Closed jchodera closed 4 years ago
For reference, the CustomNonbondedForce
terms look like this, and encode a softcore Lennard-Jones form:
<Force cutoff="1" energy="U_sterics;U_sterics = (lambda_sterics^softcore_a)*4*epsilon*x*(x-1.0); x = (sigma/reff_sterics)^6;reff_sterics = sigma*((softcore_alpha*(1.0-lambda_sterics)^softcore_b + (r/sigma)^softcore_c))^(1/softcore_c);epsilon = sqrt(epsilon1*epsilon2);sigma = 0.5*(sigma1 + sigma2);" forceGroup="0" method="2" switchingDistance="-1" type="CustomNonbondedForce" useLongRangeCorrection="1" useSwitchingFunction="0" version="2">
with parameters
<Parameter default=".5" name="softcore_alpha"/>
<Parameter default="0" name="softcore_beta"/>
<Parameter default="1" name="softcore_a"/>
<Parameter default="1" name="softcore_b"/>
<Parameter default="6" name="softcore_c"/>
<Parameter default="1" name="softcore_d"/>
<Parameter default="1" name="softcore_e"/>
<Parameter default="2" name="softcore_f"/>
Oh, I wonder if it's triggering the recomputation of the long-range correction since we have
useLongRangeCorrection="1"
Yep, that was it. If I disable the long-range correction, the slowdown disappears:
95 : -319322.814 kJ/mol : 6.023 ms : lambda_sterics 1.00000000 lambda_electrostatics 0.04000000
96 : -319333.910 kJ/mol : 5.260 ms : lambda_sterics 1.00000000 lambda_electrostatics 0.03000000
97 : -319281.300 kJ/mol : 5.613 ms : lambda_sterics 1.00000000 lambda_electrostatics 0.02000000
98 : -319159.651 kJ/mol : 5.294 ms : lambda_sterics 1.00000000 lambda_electrostatics 0.01000000
99 : -319073.257 kJ/mol : 5.943 ms : lambda_sterics 1.00000000 lambda_electrostatics 0.00000000
100 : -319113.388 kJ/mol : 5.278 ms : lambda_sterics 0.99333333 lambda_electrostatics 0.00000000
101 : -319241.998 kJ/mol : 5.103 ms : lambda_sterics 0.98666667 lambda_electrostatics 0.00000000
102 : -319294.918 kJ/mol : 5.242 ms : lambda_sterics 0.98000000 lambda_electrostatics 0.00000000
103 : -319195.520 kJ/mol : 5.151 ms : lambda_sterics 0.97333333 lambda_electrostatics 0.00000000
104 : -319047.499 kJ/mol : 5.550 ms : lambda_sterics 0.96666667 lambda_electrostatics 0.00000000
105 : -318959.133 kJ/mol : 5.091 ms : lambda_sterics 0.96000000 lambda_electrostatics 0.00000000
@peastman : Under what conditions are dispersion coefficients recomputed for NonbondedForce
? Is it only if the Lennard-Jones parameters are updated, or is it every time updateParametrsInContext
is called?
It looks like this line might mean that this is done every time updateParametersInContext()

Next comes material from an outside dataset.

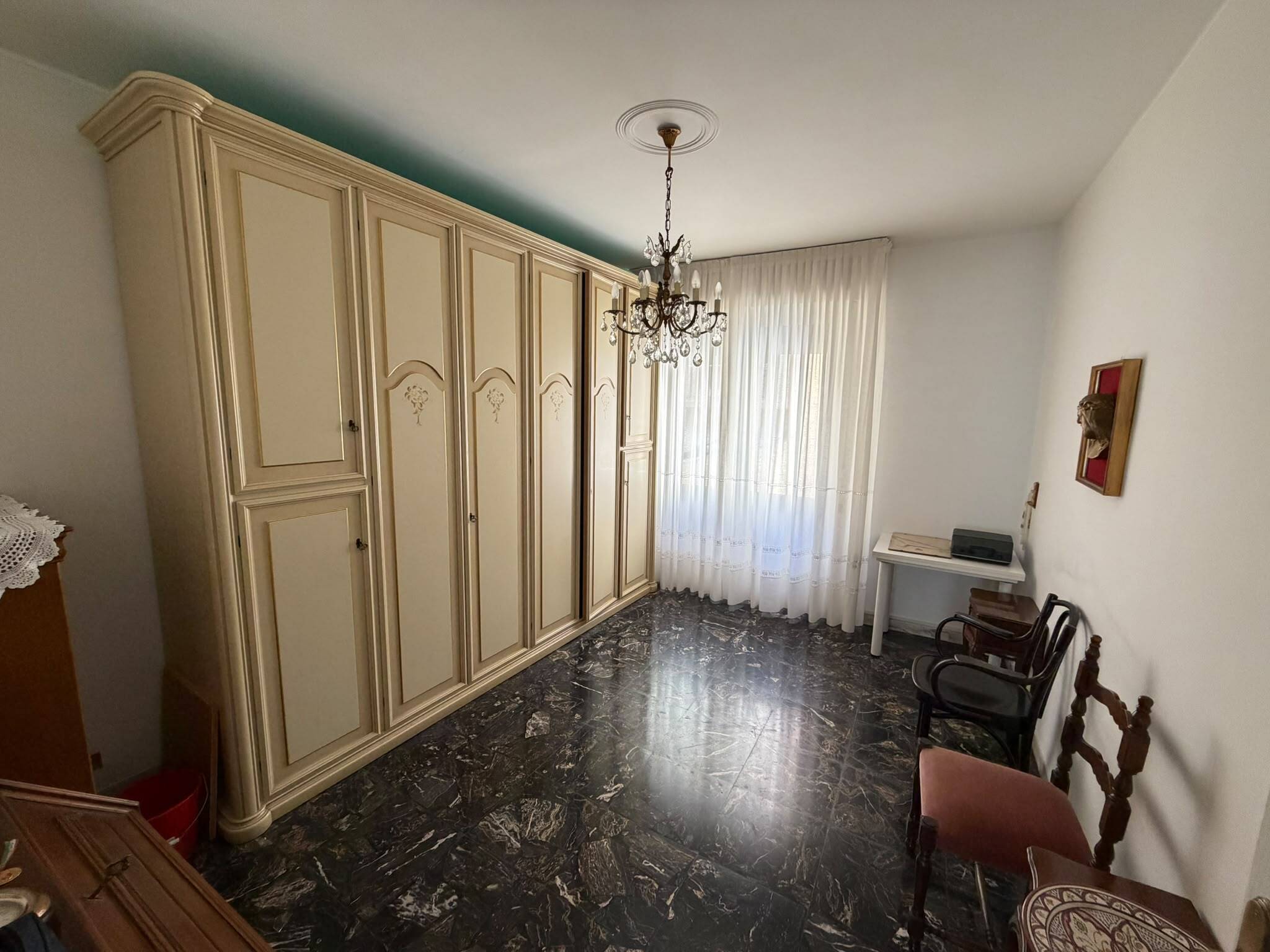 Quadrilocale da ristrutturare in via lamarmora 67, San Remo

is called for NonbondedForce
.
I realize we may be running into this issue in our protons
constant-pH and saltswap
codes, where we make heavy use of updateParametersInContext()
to change protonation states or mutate waters into ions, and I'm wondering how much of a slowdown this causes and what strategies we might use there to get around it.
It looks like NonbondedForce
updates the long-range dispersion correction every time the updateParametersInContext
is called using a CPU implementation, and CustomNonbondedForce
uses a similar CPU implementation that involves numerical integration.
It looks like the NonbondedForce.calcDispersionCorrection()
is quite fast, however. Using the latest OpenMM, calling NonbondedForce.updateParametersInContext()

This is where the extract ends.